*PROBLEM TO WORK ON*:
Write out the data word for word, taking care that no picture is carried over.

*DATASET SECTION*:
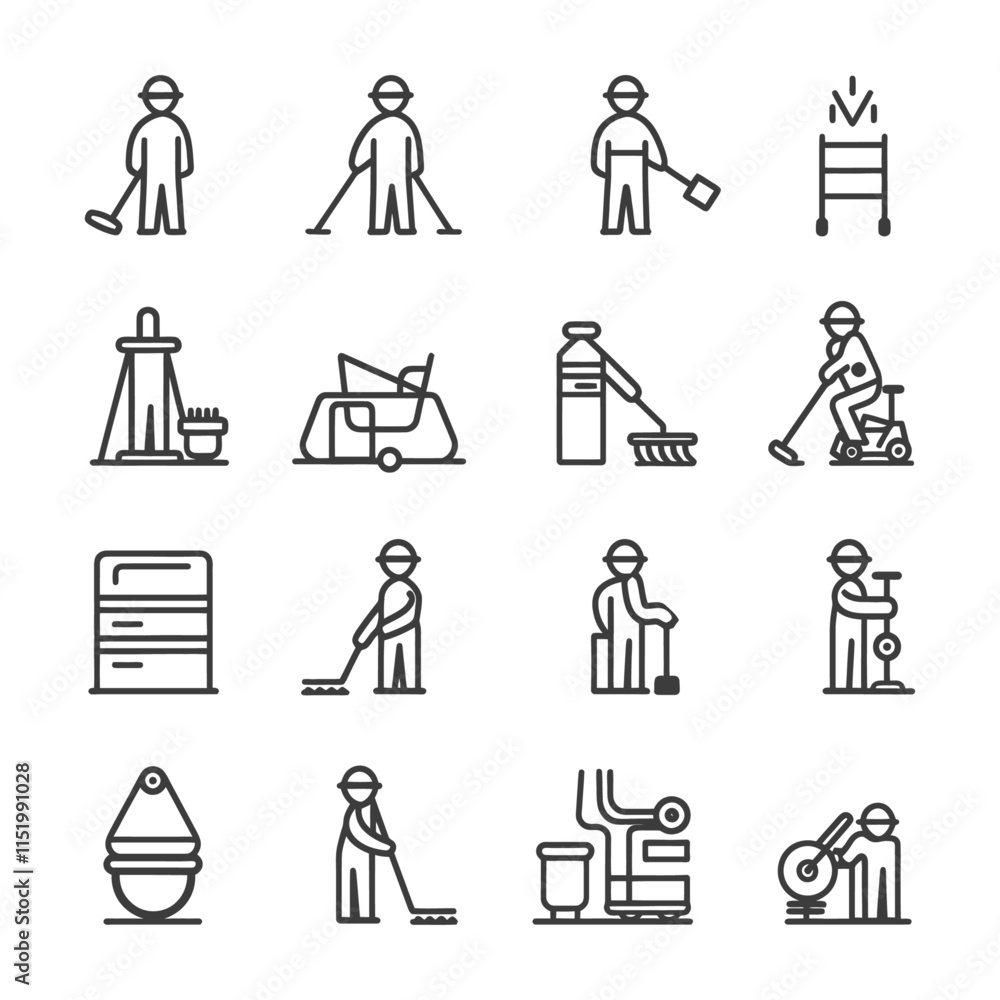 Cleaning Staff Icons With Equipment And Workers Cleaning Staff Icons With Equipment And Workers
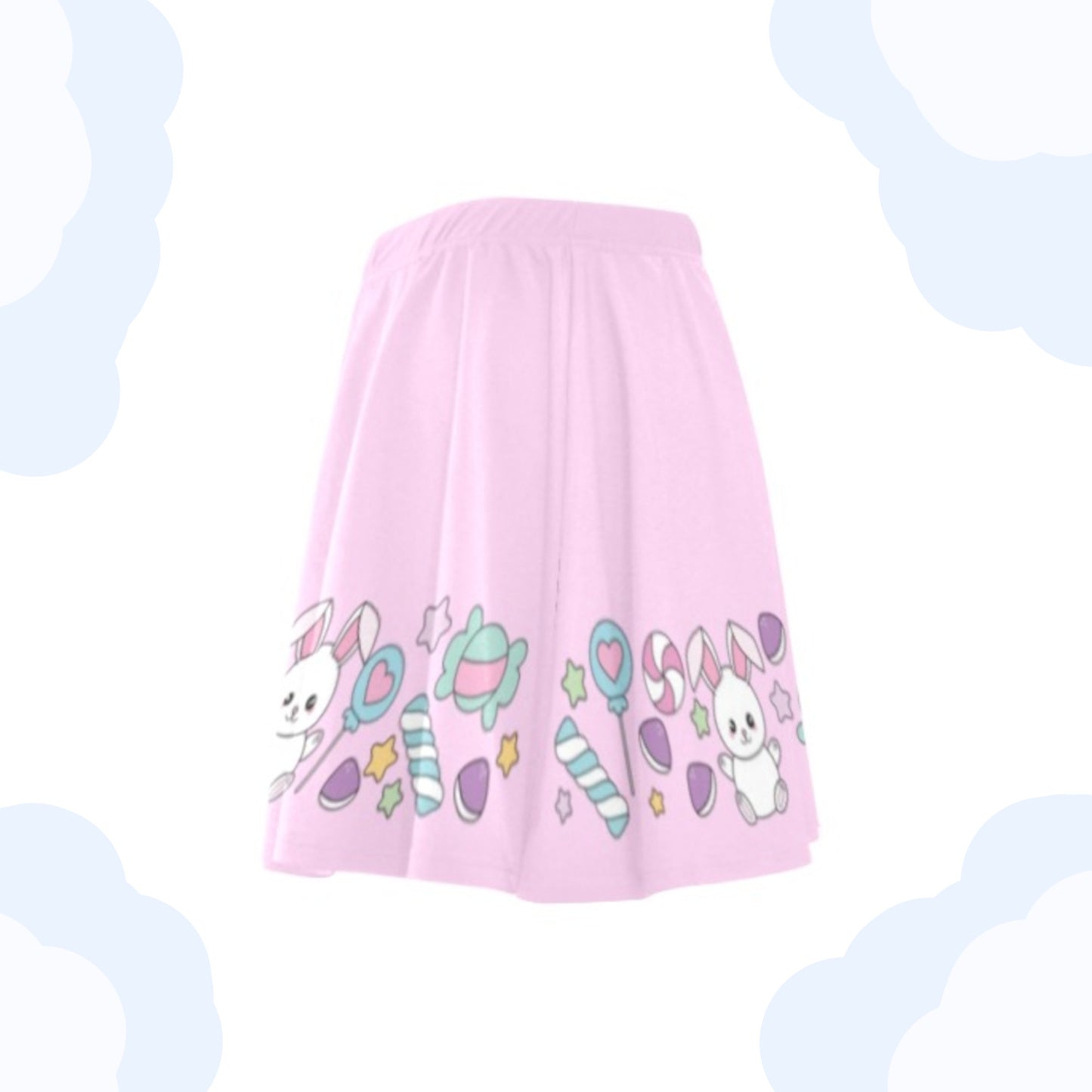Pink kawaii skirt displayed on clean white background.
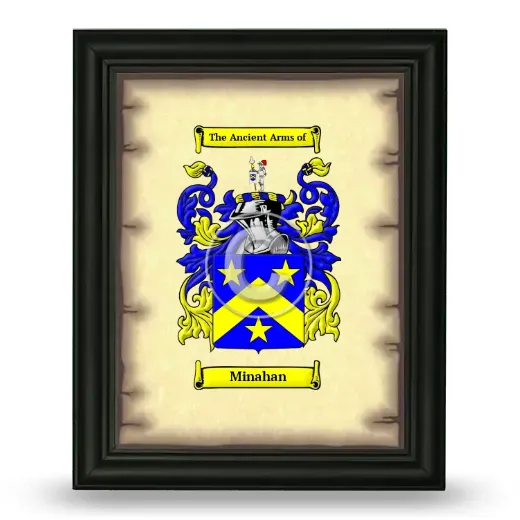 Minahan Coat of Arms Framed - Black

*YOUR RESPONSE*:
 Cleaning Staff Icons With Equipment And Workers Cleaning Staff Icons With Equipment And Workers
Pink kawaii skirt displayed on clean white background.
 Minahan Coat of Arms Framed - Black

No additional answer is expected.